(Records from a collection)
┏━━

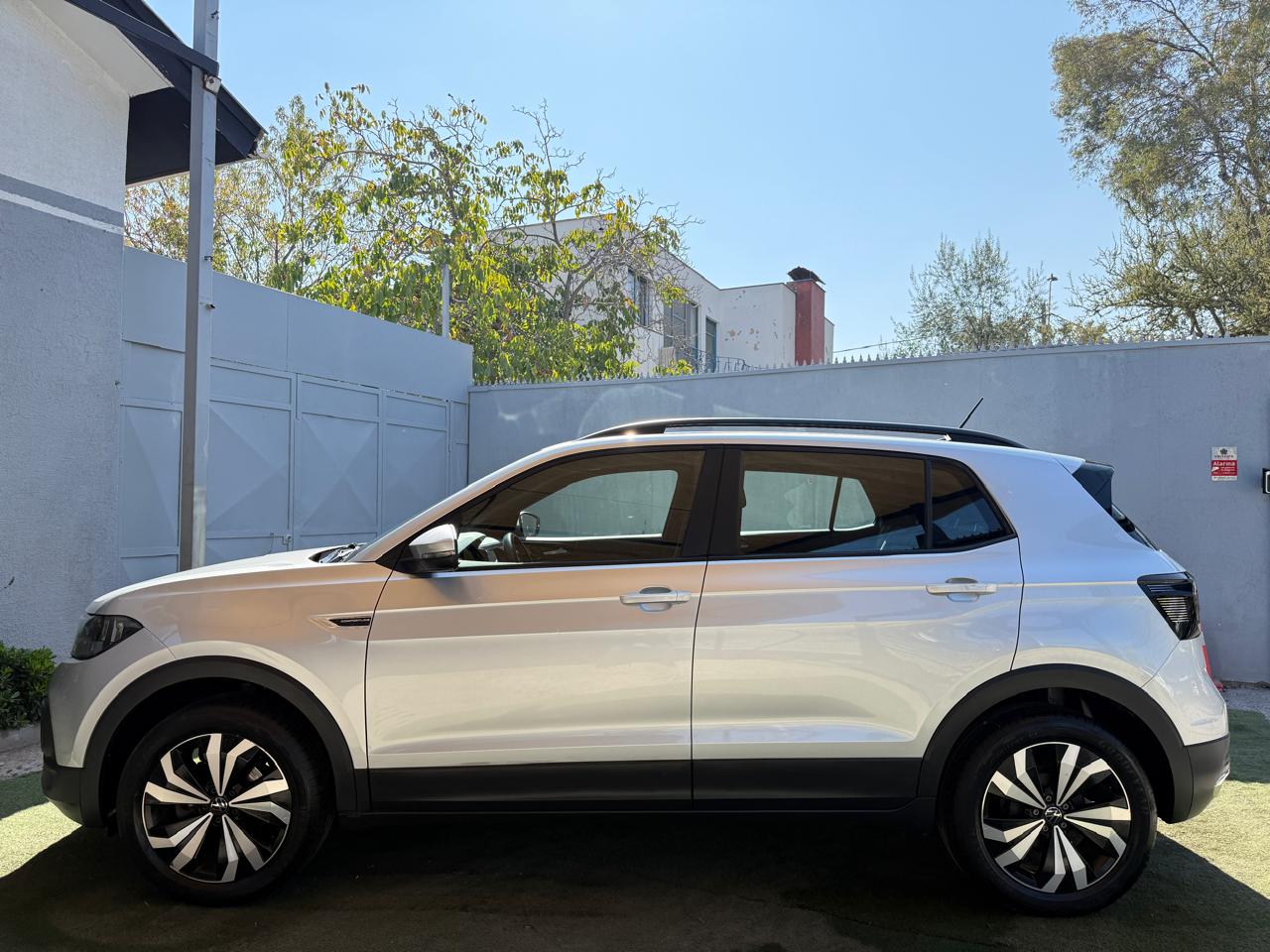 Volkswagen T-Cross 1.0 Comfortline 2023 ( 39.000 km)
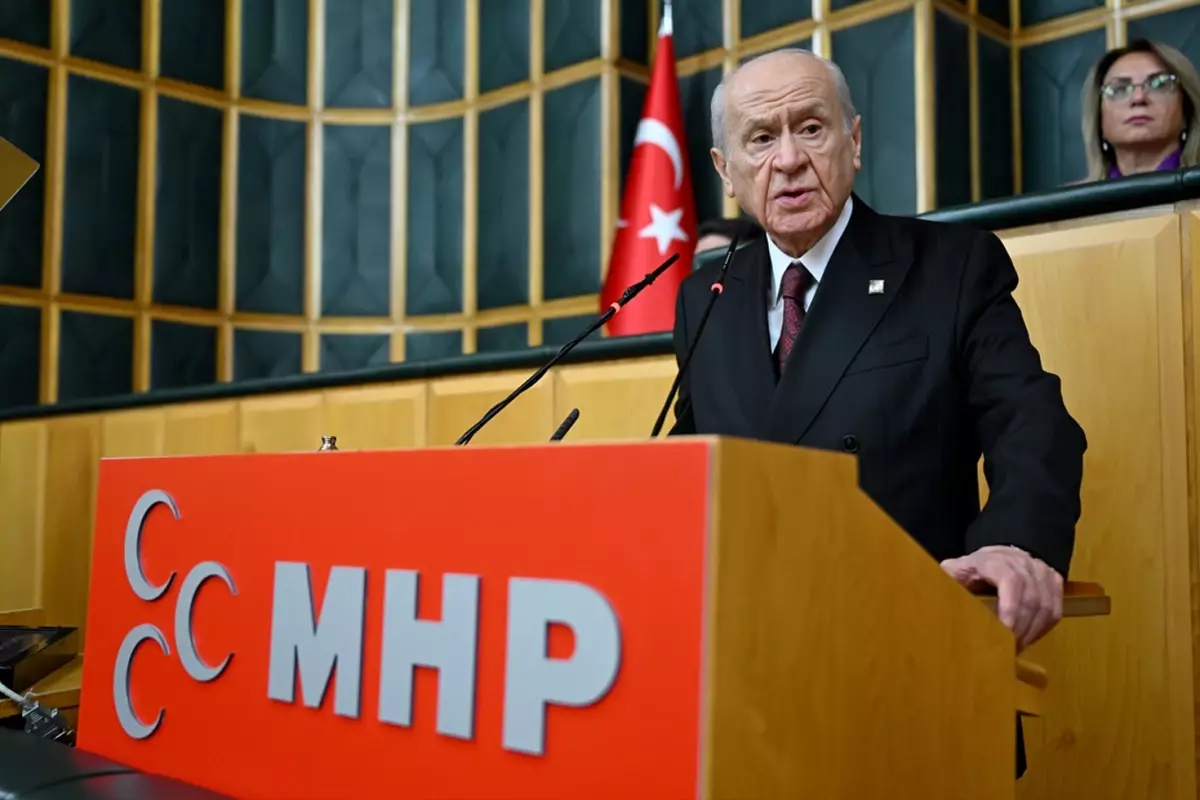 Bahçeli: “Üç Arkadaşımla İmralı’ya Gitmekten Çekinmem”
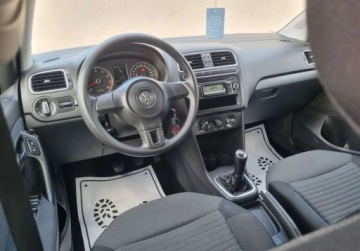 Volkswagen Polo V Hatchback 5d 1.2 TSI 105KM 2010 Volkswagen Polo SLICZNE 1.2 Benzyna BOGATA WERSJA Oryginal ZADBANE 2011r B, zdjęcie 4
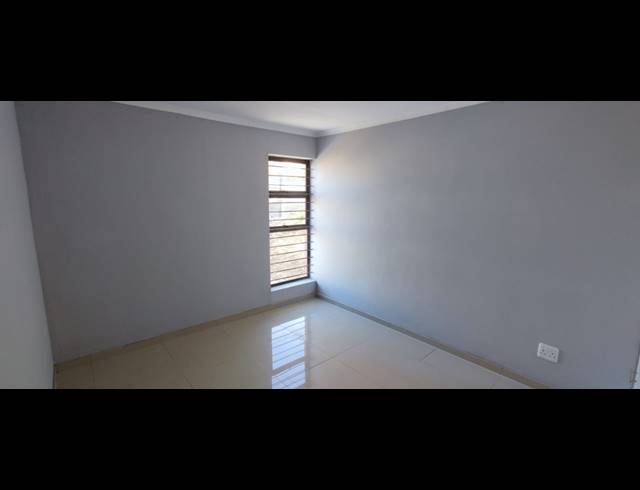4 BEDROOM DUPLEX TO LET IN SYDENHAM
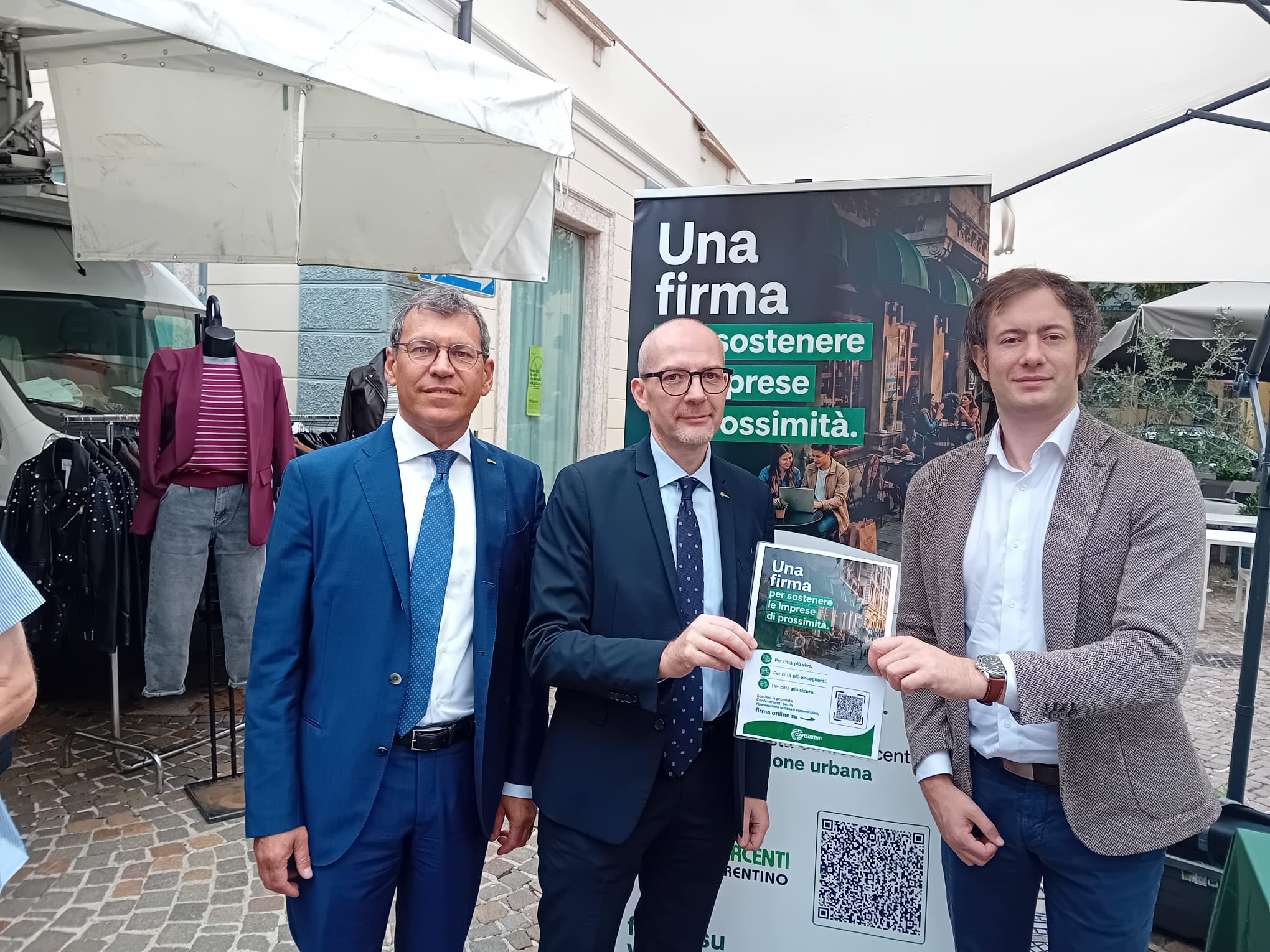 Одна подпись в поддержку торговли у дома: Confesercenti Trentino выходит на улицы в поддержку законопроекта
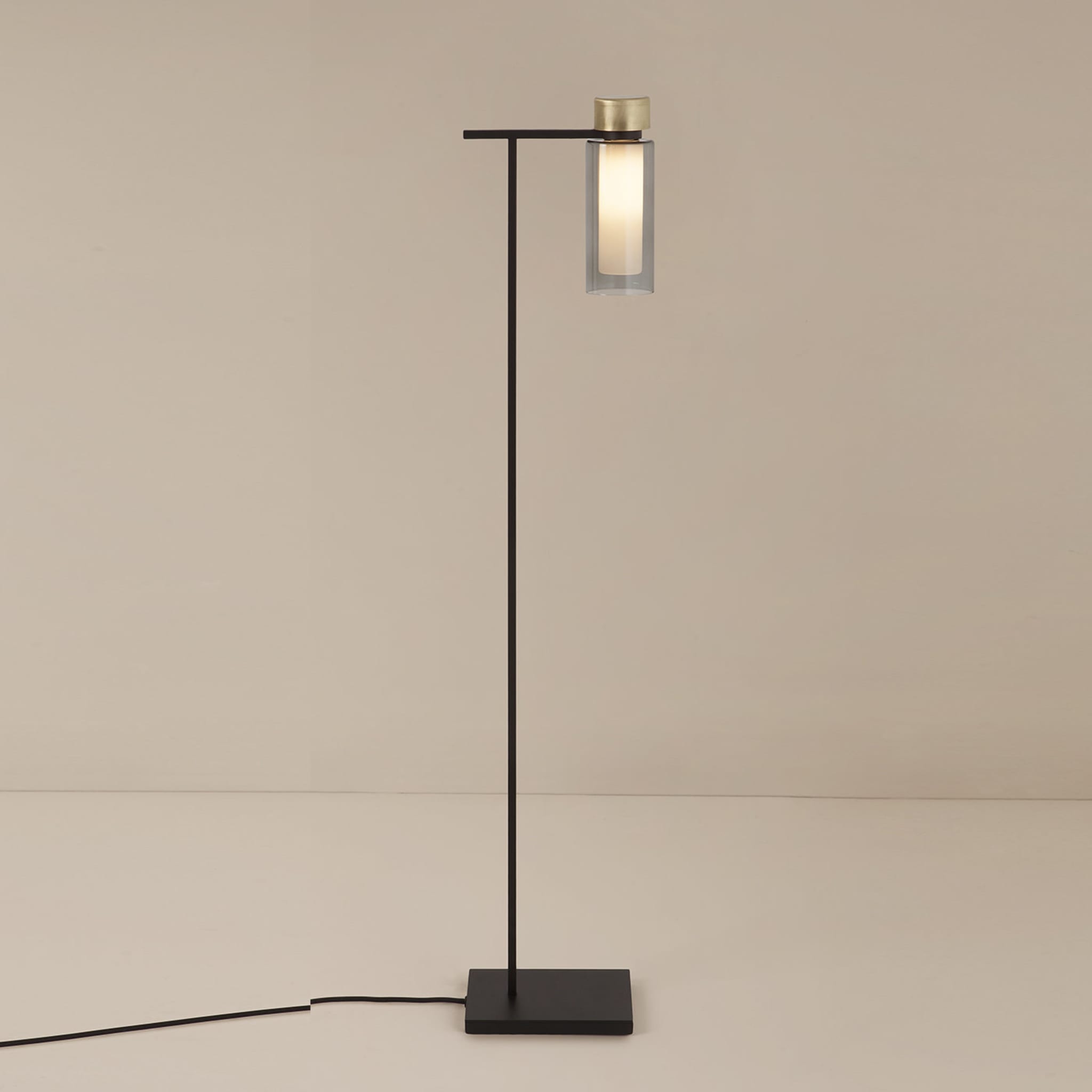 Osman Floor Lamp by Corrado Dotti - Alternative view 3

┗━━

**Exercise details**
For this exercise, output the records exactly but omit their pictures.

**Exercise output**
 Volkswagen T-Cross 1.0 Comfortline 2023 ( 39.000 km)
 Bahçeli: “Üç Arkadaşımla İmralı’ya Gitmekten Çekinmem”
 Volkswagen Polo V Hatchback 5d 1.2 TSI 105KM 2010 Volkswagen Polo SLICZNE 1.2 Benzyna BOGATA WERSJA Oryginal ZADBANE 2011r B, zdjęcie 4
4 BEDROOM DUPLEX TO LET IN SYDENHAM
 Одна подпись в поддержку торговли у дома: Confesercenti Trentino выходит на улицы в поддержку законопроекта
 Osman Floor Lamp by Corrado Dotti - Alternative view 3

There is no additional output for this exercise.